Das 100 vezes que Gaultier morreu, como dito no prólogo desse primeiro desfile obituário da história, algumas provavelmente foram consumadas quando alguém perguntou, ao ver seus desfiles, se "alguém usaria isso".

A frase, que sempre questiona as ideias mirabolantes de um estilista na passarela e apequena sua função como vetor de cultura, enterrou toda uma geração contemporânea ao designer.

Como um de seus maiores concorrentes, o "papa do fetiche" Thierry Mugler, que já disse ao jornal Folha de S.Paulo ter largado a moda exatamente pela uniformização do gosto e a falta de fascínio pelo "status quo" da moda.

Hoje, assim como Gaultier fará a partir de agora, Mugler dedica seu tempo a figurinos para popstars, espetáculos e, claro, seus perfumes.

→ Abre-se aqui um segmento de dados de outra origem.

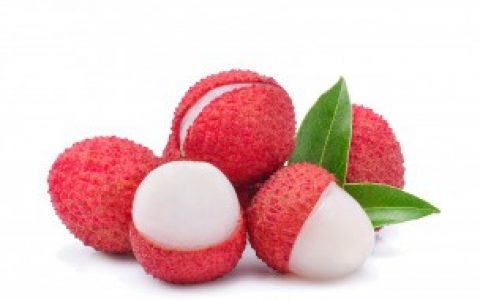 荔枝种子发芽了怎么种 荔枝种子发芽了如何种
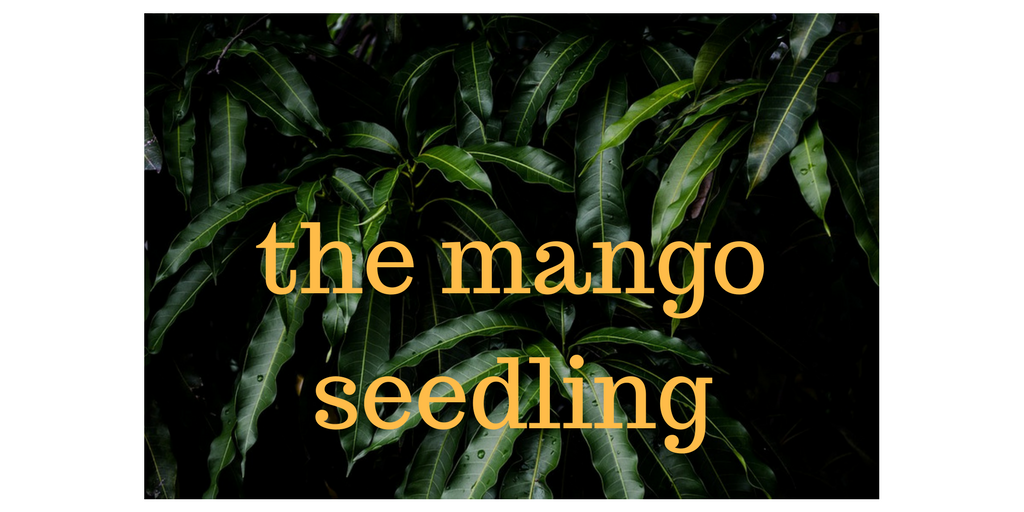 the mango seedling.png
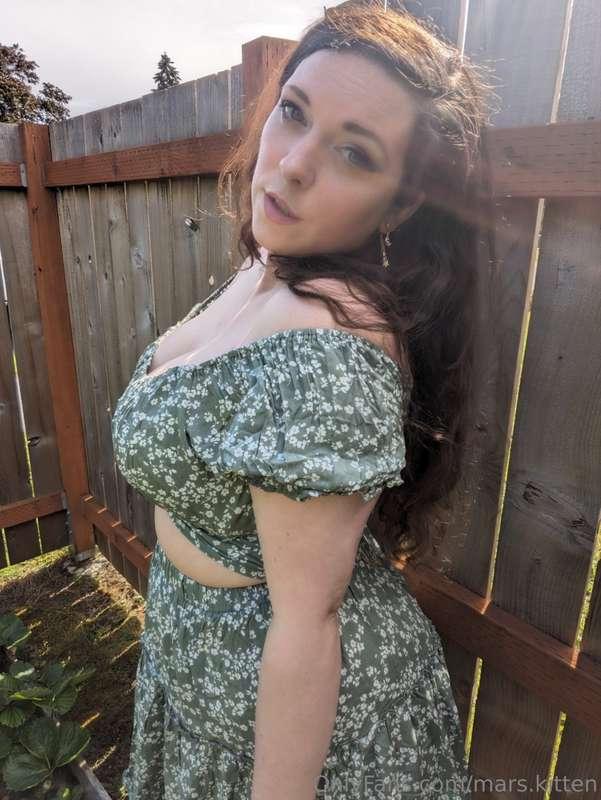 mars.kitten image #0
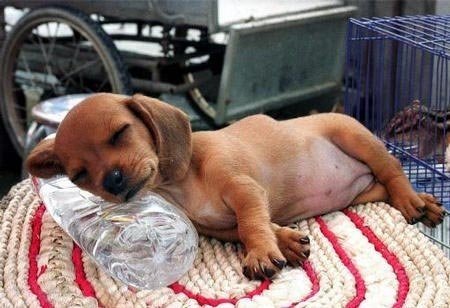 狗狗睡觉也要垫枕头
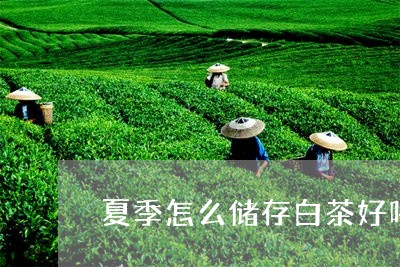 夏季怎么储存白茶好喝点/2023101627037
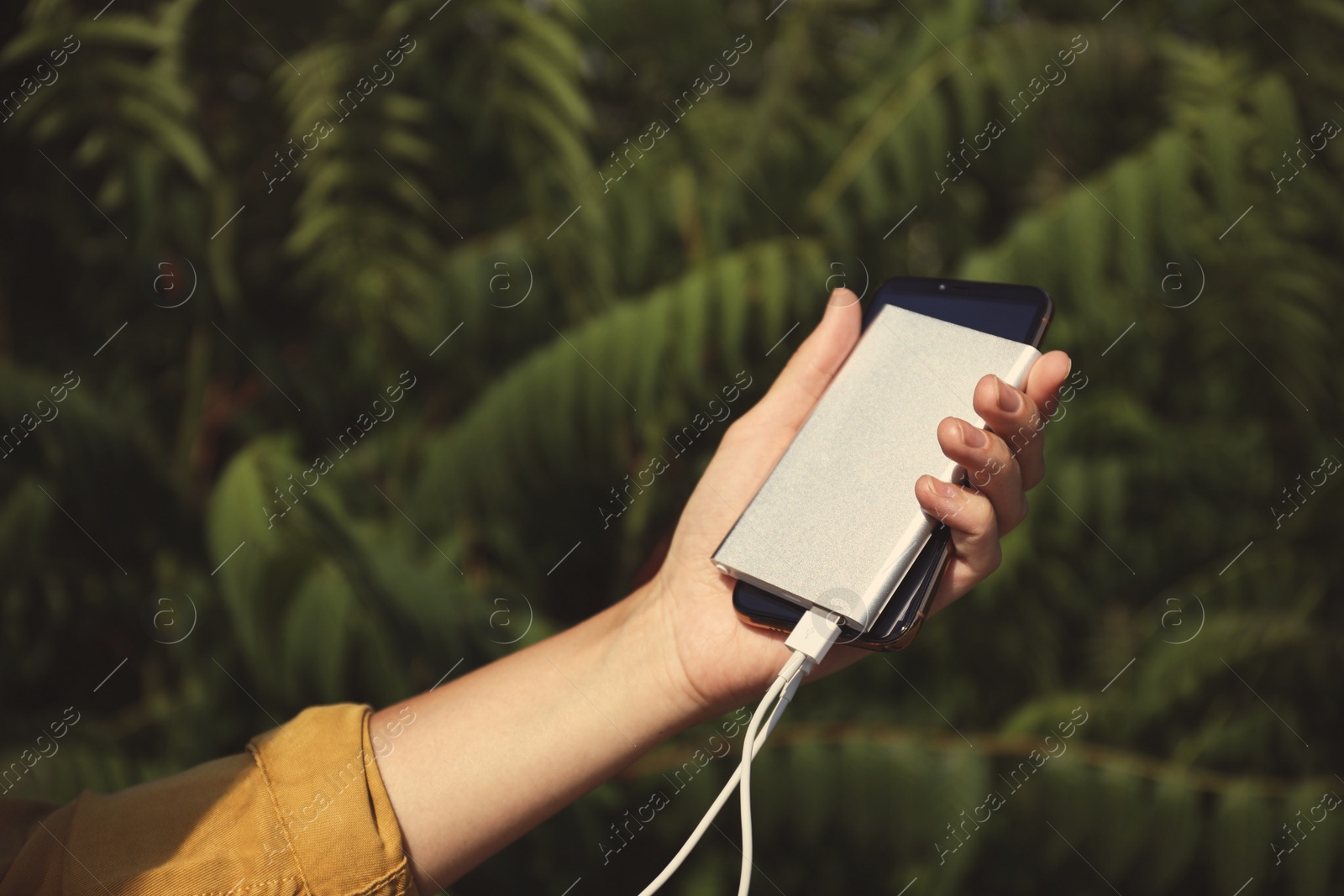 Photo of Woman charging smartphone with power bank in forest, closeup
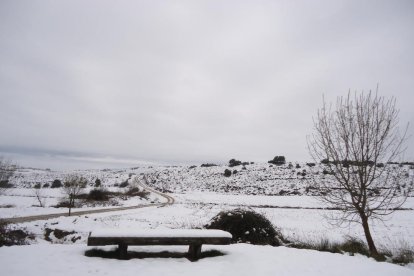 El fred, la boira i la neu...l'hivern ja és aquí!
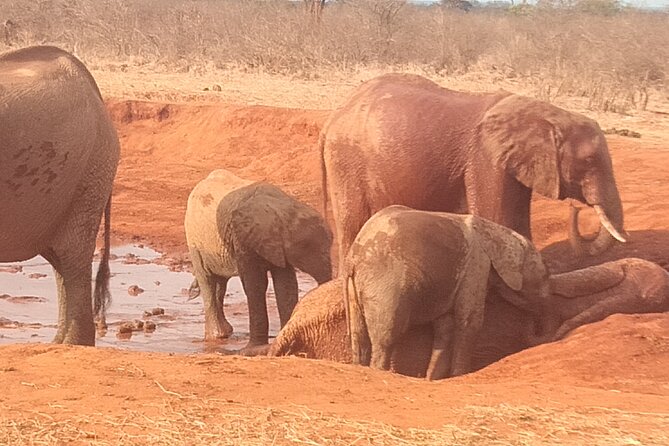 3 Days Safari Tsavo East and West - Booking Information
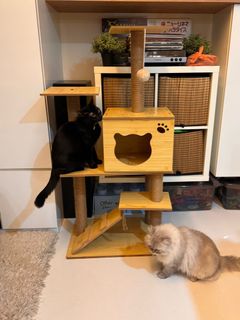 (Category: ) located in . Submitted by edamamegorl (Listing ID 1295689578, Image 1). Description: .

A imagem da morte festiva vista na passarela que pôs a bailarina burlesca Dita Von Teese no mesmo plano da trasexual brasileira Valentina Sampaio foi pensada há anos. Na última vez que o estilista falou a este repórter, há pouco menos de cinco anos, o assunto surgiu para justificar sua partida do "prêt-à-porter", que já programava a longa despedida.

"Salvo em situações trágicas, as pessoas se deixam levar pela morte", divagou, citando ainda o fato de as pessoas "estarem mais conservadoras". E a julgar pela celeuma em torno de religiões, gêneros e ideologias, elas continuam.

Assumidamente católico, seus desfiles com imagens de Jesus e Maria estampados em roupas sexy, por vezes adornados com coroas de espinhos, e o desfile de 1993, no qual ele refez os trajes típicos dos judeus hassídicos, talvez ecoassem como coquetéis molotov na porta dos fundos do conservadorismo.

Uma boneca inflável passeou pelo derradeiro desfile em Paris resumindo o que virou todo o sexo safado, agora mais profano do que nunca, construído por meio de sua cultura de moda desde os tempos em que começou como assistente do lendário Pierre Cardin.

O estilista era mais um na plateia da qual fizeram parte outros ícones da moda como o diretor criativo da Louis Vuitton, Nicolas Ghesquière, a modelo Eva Herzigova e o recluso e "infotografável" designer belga Martin Margiela.

Carregado vivo no final do obituário por parceiras de longa data, como a almodovariana atriz Rossy de Palma e a sorridente modelo Yasmin LeBon, o Jean Paul Gaultier estilista (1970-2020) contradisse a si mesmo e se deixou levar pela morte.

Fictícia, mas palpável como prova do estado terminal da fantasia de liberdade criada no século 20.